*Crawled caption data*.
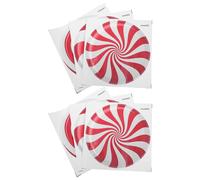 6 Pcs Adesivi Per Finestre Le Vacanze Decalcomanie Murali Esterne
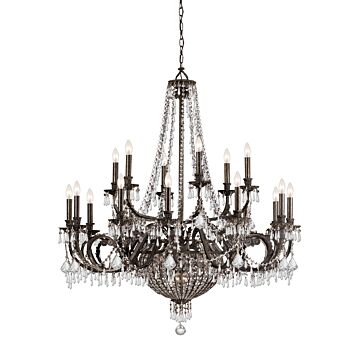 Vanderbilt 23 Light Chandelier in English Bronze by Crystorama
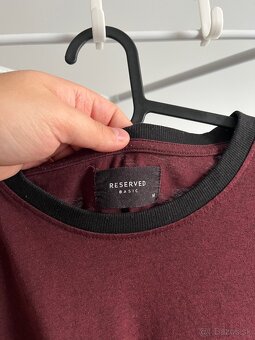 Pánske Tričko Reserved Basic Bordové Veľkosť M - 2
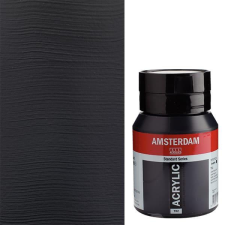 Talens Amsterdam akrilfesték, 500 ml - 702, lamp black akrilfesték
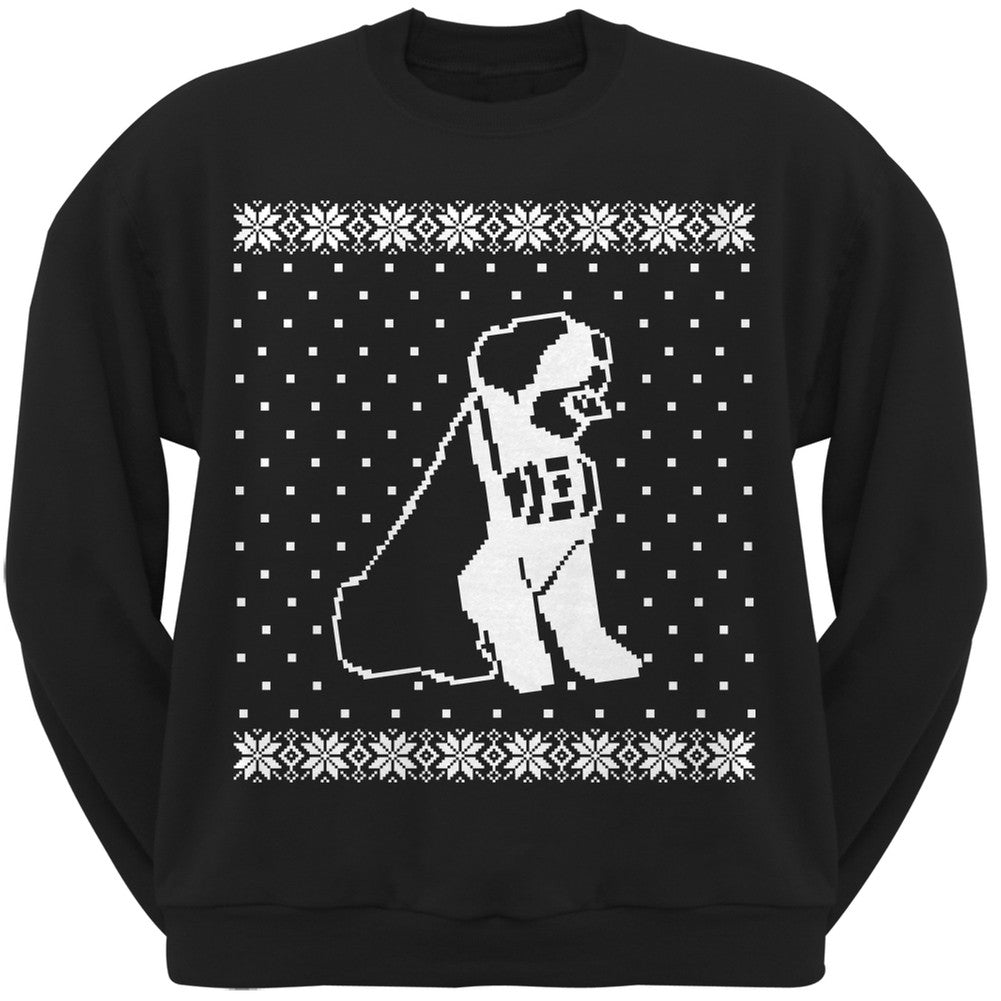 Big Saint Bernard Ugly Christmas Sweater Black Crew Neck Sweatshirt Sweatshirts Old Glory   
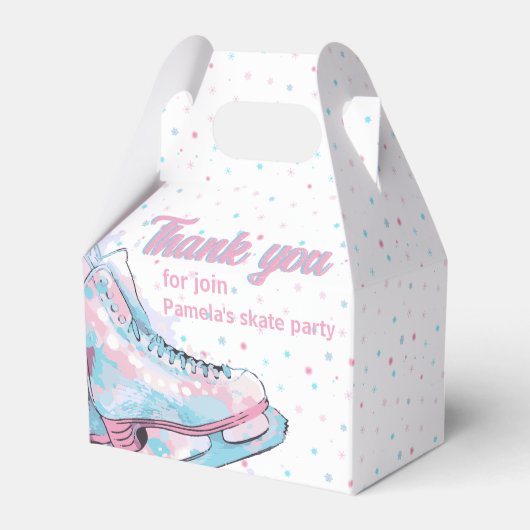 Abbildung Skaten-Party Geschenkschachtel (Vorderseite)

*WORK TO BE COMPLETED*. Counting the line with "Vanderbilt 23 Light" and the last line of the data above, transcribe those two lines and every line between them exactly, without the pictures.

*OUTPUT BELOW*.
 Vanderbilt 23 Light Chandelier in English Bronze by Crystorama
 Pánske Tričko Reserved Basic Bordové Veľkosť M - 2
 Talens Amsterdam akrilfesték, 500 ml - 702, lamp black akrilfesték
 Big Saint Bernard Ugly Christmas Sweater Black Crew Neck Sweatshirt Sweatshirts Old Glory   
 Abbildung Skaten-Party Geschenkschachtel (Vorderseite)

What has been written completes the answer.